I myself went to the websites of 5 or 6 of them and sent "thank you" notes, but it would be nice if someone were to configure a way to make it easier to thank more of these corporations at the same time. I myself don't know how to do such a thing, but I've seen it done before elsewhere.

Regardless, if some of you picked 5 or so corporations at random from the list of ex-ALEC members and thanked them, that would be good.

Incidentally, as I understand it, these groups are leaving ALEC because it has strayed from its original purpose (pro-business legislation) to a wider, socially conservative purpose (which includes the suppression of minority, youth, and elderly voting rights). Once this became apparent (a realization augmented by negative PR), corporations began to bolt from what has become a genuinely evil entity.

thanks

Thanks to the companies that dropped their membership to ALEC, I hope it was done in earnest. Unfortunately most Americans are not aware of this sort of activity (let's call domestic terrorism). I think it would be noble for companies that dropped membership with ALEC to2jxrs disclose this information along with advertising for their products.

ALEC

Kudos to the good folks, who had the courage to do the 'right thing' and dump this hateful group. I'm sure ALEC was behind the loss of ACORN.

Query...

What was ACORN?

Companies that dropped ALEC

Have we sent them thank-you notes? If not, why not?

state farm and alec

My state farm auto insurance expires Sept 1 and I'm signing a policy with a different company tomorrow. Ditto my homeowners insurance. I've been a State Farm customer for forty years and never had a complaint about my serivice but their involvement with ALEC is a deal breaker.

State Farm and Alec

Ditto!
We cut our ties with State Farm on June 1 of this year for the same reasons. I got a form letter back from the Regional Manager just giving me the "company line." They could care less until you and hundreds more do the same. I'm even paying a bit more and told them so.

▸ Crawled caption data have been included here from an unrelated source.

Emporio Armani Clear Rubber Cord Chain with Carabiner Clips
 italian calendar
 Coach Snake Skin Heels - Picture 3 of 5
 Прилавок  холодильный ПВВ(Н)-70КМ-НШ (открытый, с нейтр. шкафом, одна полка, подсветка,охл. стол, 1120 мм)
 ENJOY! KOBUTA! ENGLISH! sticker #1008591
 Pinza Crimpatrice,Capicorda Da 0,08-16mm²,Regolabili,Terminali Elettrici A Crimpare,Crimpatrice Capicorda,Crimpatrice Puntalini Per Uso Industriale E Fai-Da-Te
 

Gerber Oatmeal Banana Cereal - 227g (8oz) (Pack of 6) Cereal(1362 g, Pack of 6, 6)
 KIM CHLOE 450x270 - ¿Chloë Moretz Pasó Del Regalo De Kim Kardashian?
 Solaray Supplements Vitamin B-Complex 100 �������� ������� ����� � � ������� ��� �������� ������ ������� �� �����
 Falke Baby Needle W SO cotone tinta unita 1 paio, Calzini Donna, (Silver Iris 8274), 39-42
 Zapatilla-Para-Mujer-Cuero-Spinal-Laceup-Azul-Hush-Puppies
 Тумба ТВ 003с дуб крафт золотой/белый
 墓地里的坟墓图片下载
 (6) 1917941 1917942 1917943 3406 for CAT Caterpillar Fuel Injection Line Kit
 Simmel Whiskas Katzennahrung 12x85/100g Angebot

ex-ALEC corporations still objectionable

The implicit message of this post, and of this campaign more broadly - viz., that we should support companies that have left ALEC – is deeply problematic. The reasoning seems to be, briefly, that membership in ALEC is the principal criterion of corporate malfeasance, and that corporations that abandon membership in and association with ALEC and its by-now uncontroversially malignant politics have done something positively “good”. Never mind that leaving a destructive organization that should never have been joined in the first instance, by other organizations that are themselves destructive, is hardly cause for celebrating let alone supporting the latter. “Better isn’t good if worse was terrible”. Yes, all else being equal, it's better that these companies left ALEC, but the majority are still objectionable for other reasons.

The message of the beginning

The message of the beginning of this post, and of this campaign more broadly - viz., that we should support companies that have left ALEC – is deeply problematic. The reasoning seems to be, briefly, that membership in ALEC is the principal criterion of corporate malfeasance, and that corporations that abandon membership in and association with ALEC and its by-now uncontroversially malignant politics have done something positively “good”. Never mind that leaving a destructive organization that should never have been joined in the first instance, by other organizations that are themselves often deeply destructive, is hardly cause for celebrating let alone supporting the latter. “Better isn’t good if worse was terrible”.

ALEC

Corporations having to do busness IN the U.S. ARE wise to support U.S. middle/poor classes of Americans as WE are the citizens helping build their businesses while 'cookie cutter' Karl Rove Repub legislation of ALEC seeks to destroy us and outsource ALL our jobs in their 'wet dreams' of a Repub plutocracy!